Roy Moore held a press conference where he denied the accusations of the four women who have accused him of dating teens, and most especially the woman who says she was 14 years old when he picked her up, brought her to his house, and sexually molested her. He said he would reveal their motives at a future date.

Please note the photos of the protesters.

And please read this stunning column by Alabama journalist John Archibald, who sharply criticizes the hypocrisy of the sanctimonious moralists who now defend Moore.

He writes:

Take it off, Alabama. Take it aaaaall off. You’re naked as the day you were born, naked as porn, clothed in the manner of the emperor.

In nothing but audacity and deceit. And hypocrisy.

Buck naked. Or as they say down in Sipsey, butt nekkid.

You’ve shown the world the stuff you used to have enough decency to conceal. You’ve shown even to yourself that what you say is a lie and what you believe is as flexible as the moment demands.

You’re a poser, Alabama. And the Bible Belt is down around your knees. You stamp yourself with the label of God and good and morality, and it means nothing to you.

Not more than politics. Or ideology. Or your own lack of shame.

Remember when the good grandpa governor Robert Bentley held all the credibility he needed to win the state over? He was a Baptist deacon, a vocal Christian who spoke of high moral ground like he lived there.

Until he was caught talking dirty to a lady who worked for him. Until we found he wanted to do things in the office that would make his secretary Wanda blush. Then you cared, Alabama.

He writes about the State Auditor, who had the audacity to say that what Moore did, if he did it, was no different from the hook-up between Joseph and a teenage Mary, which produced Jesus.

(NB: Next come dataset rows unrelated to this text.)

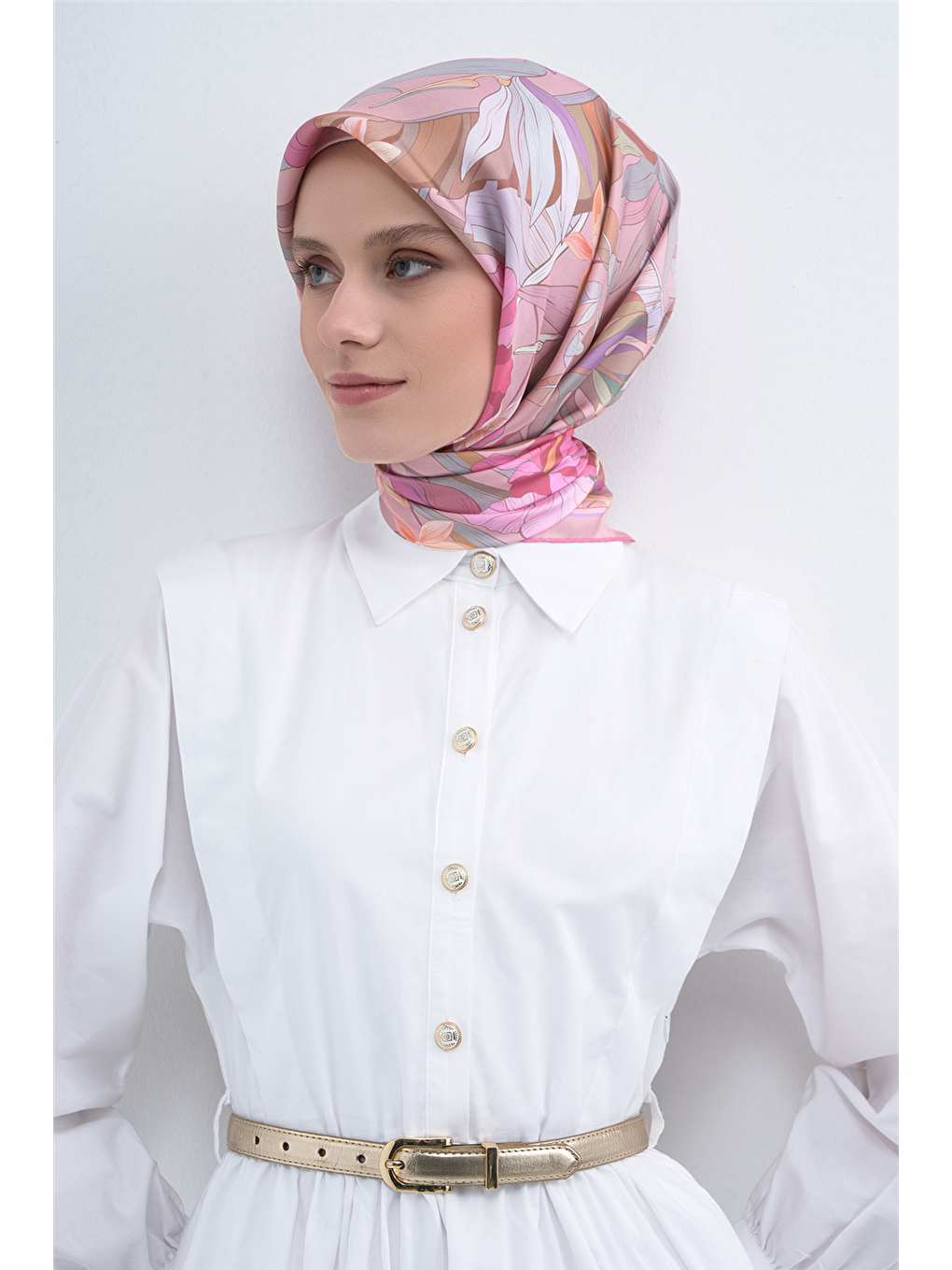 Pembe Saf İpek Sura Eşarp 9500D 52-1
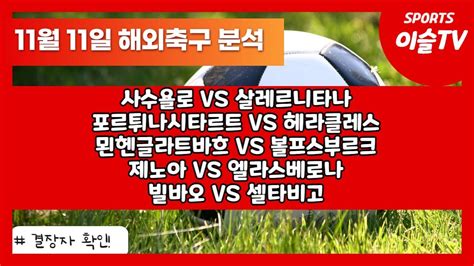 토토분석ㅣ축구분석ㅣ스포츠토토ㅣ11월10일 해외축구분석ㅣ사수욜로 살레르니타나ㅣ포르튀나시타르트 헤라클레스ㅣ묀헨글라트바흐 볼프스부르크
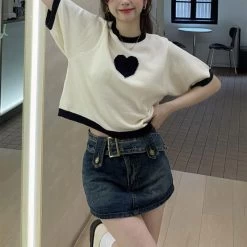 Black Heart Contrast Crop Top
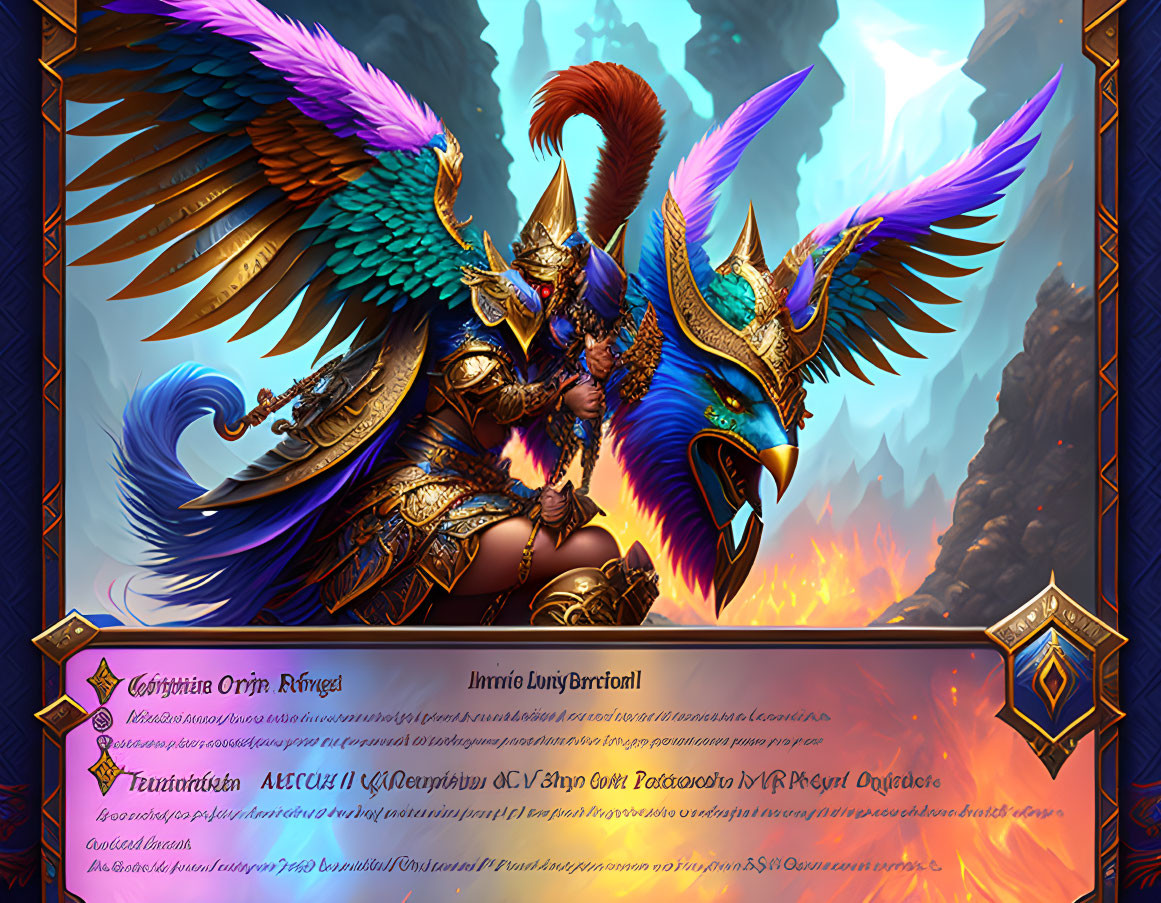 Majestic armor-clad bird creature in vibrant fantasy setting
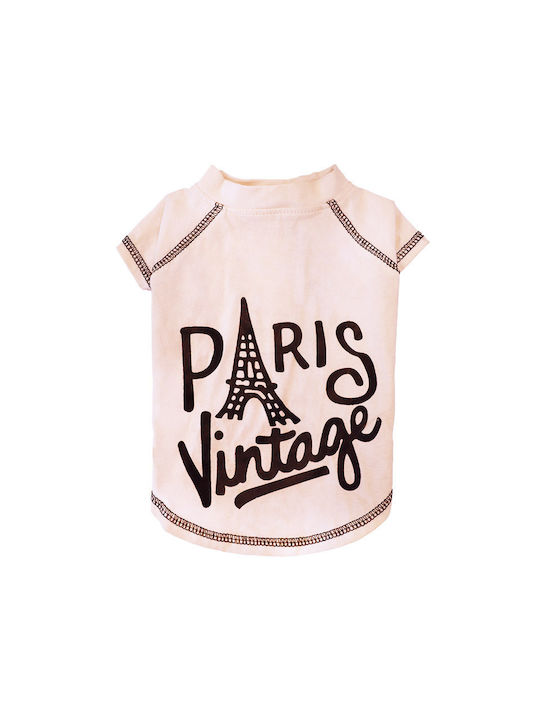 Pet Μπλούζα Σκύλου Paris Vintage White M 28cm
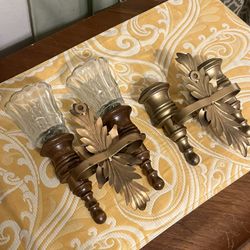 Vintage Homco Double Wall Sconce with Glass Candle Holders Wood & Gold Metal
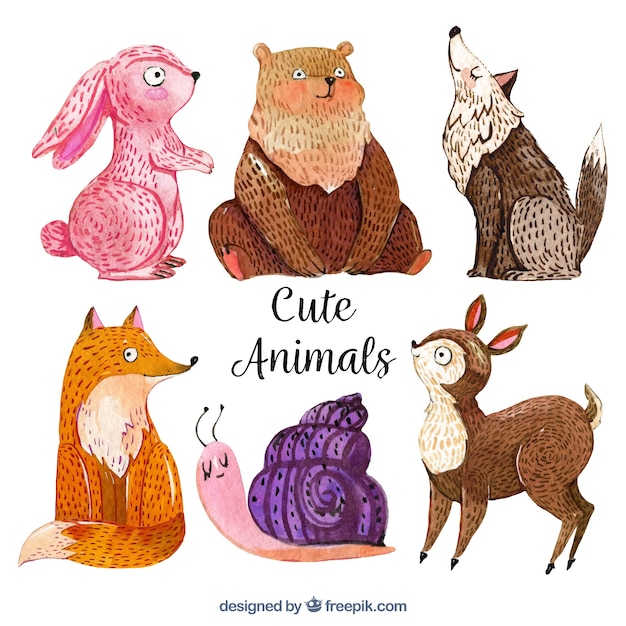 Free vector watercolor animals with fun style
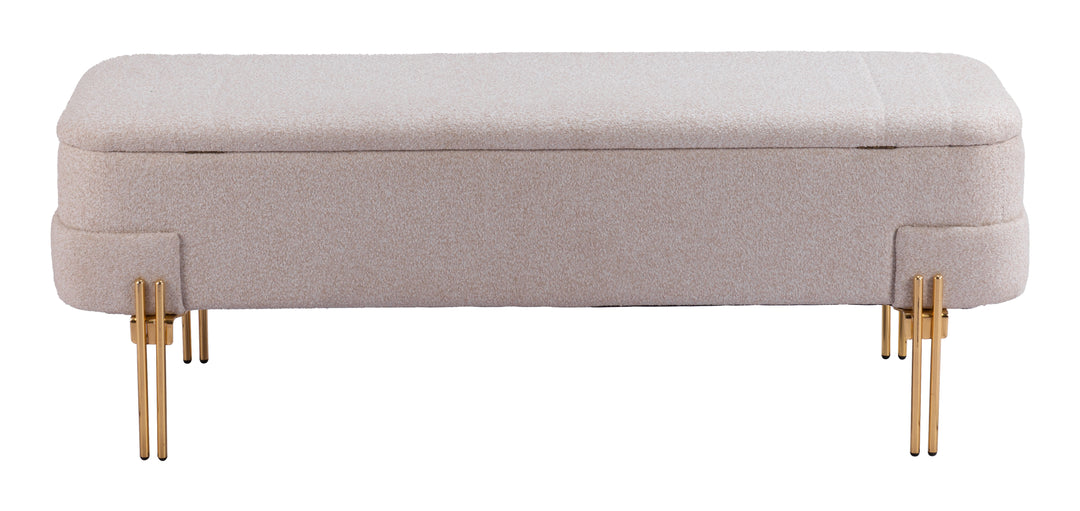 Zuo Lebreton Storage Bench Oatmeal Beige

The Jesuit priest James Martin wrote on Twitter that no one knows the actual ages of Joseph and Mary, and besides, the comparison is “disgusting.”

@JamesMartinSJ, November 9:

For the biblically challenged: 1) Despite artistic representations, we have no idea about the exact ages of either the Virgin Mary or St. Joseph at the time of their betrothal or marriage. 2) Comparing the allegations against Roy Moore in any way to Joseph and Mary is disgusting

The next day, November 10, he called such a comparison “monstrous”

Again, using the relationship of Mary and Joseph to, in any way, excuse or legitimize the sexual abuse or sexual harassment of a minor, or anyone, is monstrous.

Like, how low can people sink, to defend the indefensible?

From another source, Joy Reid at MSNBC: she wondered about people who are shocked by the allegations about Moore now, but endorsed him when he proclaimed his hatred for Muslims, gays, and others who didn’t measure up to his high standards.

Whatever happens, the GOP loses. If he wins the election, they have a Senator who is a loudmouth bigot and has the stench of pedophilia; if he loses, their margin in the Senate is only one vote, and any Senator insulted by Trump can sink his agenda.

A new poll was just released in Alabama, literally 2 hours ago. It was sent to me by my dear friend in Alabama.

Doug Jones just took the lead over accused child molester Roy Moore.

http://www.al.com/news/huntsville/index.ssf/2017/11/doug_jones_takes_lead_on_roy_m.html#incart_river_home?li_source=base&li_medium=default-widget

Earlier polls had shown Moore cruising to victory with 8-11 point leads.

Apparently some voters were disturbed that a man who claims to have strong religious values may have picked up and molested a 14-year-old Child. Sure, it was a long time ago. But many victims are afraid to speak out. They think no one will believe them. They fear ostracism and blame. They fear that they did something wrong. Sean Hannity of FOX said on a newscast that the accusers wanted fame and money. That’s ridiculous.